## [TASK INSTRUCTIONS]
Under this line are records; the part from the line containing "新品未開封　スリーブ3個セット　あかり　うめこ　かおりのサムネイル" through the line containing "ANUTILAM Authentic Purple Rice, 1 kg Pouch" should be repeated exactly. Please exclude pictures.

## [RECORDS SHOWN]
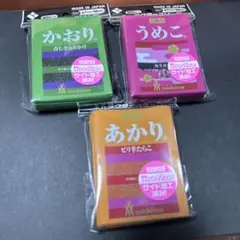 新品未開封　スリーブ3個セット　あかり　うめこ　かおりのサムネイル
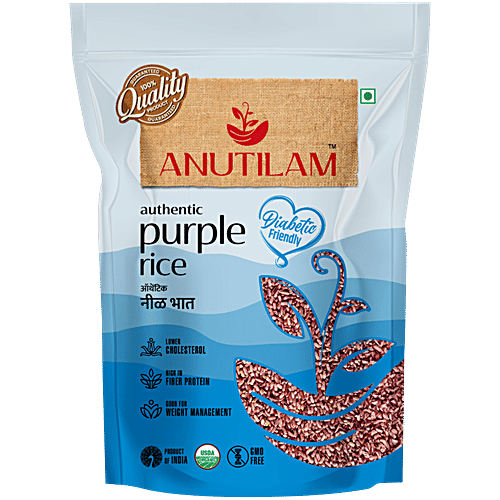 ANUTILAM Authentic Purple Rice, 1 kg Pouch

==

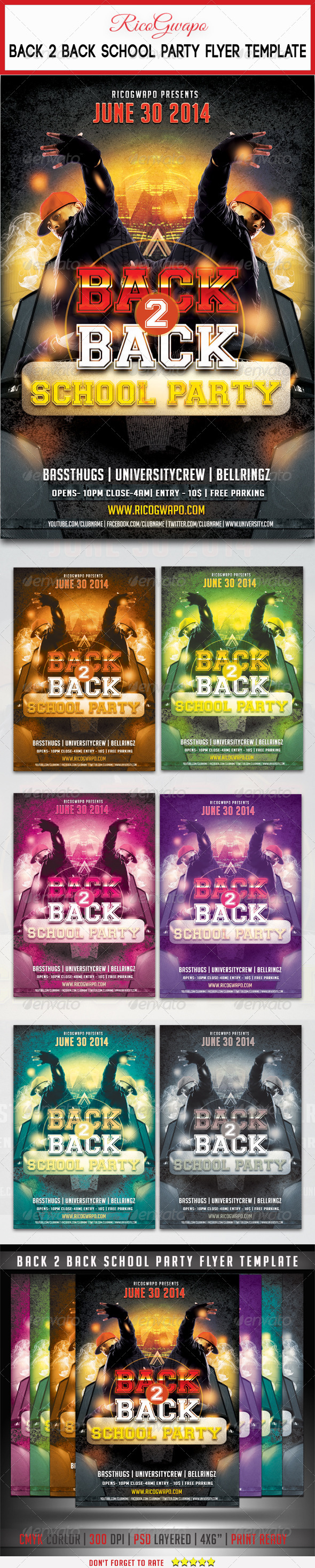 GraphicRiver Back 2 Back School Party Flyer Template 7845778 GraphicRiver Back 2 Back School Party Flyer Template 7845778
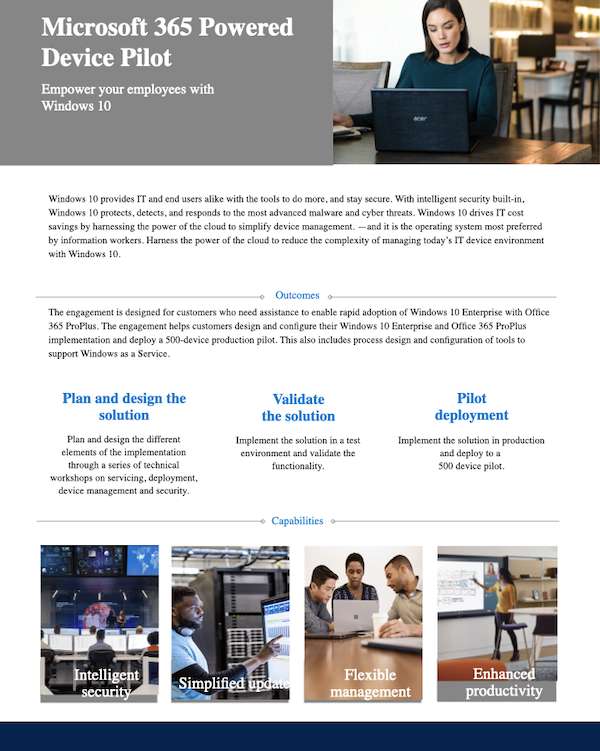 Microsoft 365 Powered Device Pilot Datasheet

## [ANSWER TO THE PROBLEM]
 新品未開封　スリーブ3個セット　あかり　うめこ　かおりのサムネイル
 ANUTILAM Authentic Purple Rice, 1 kg Pouch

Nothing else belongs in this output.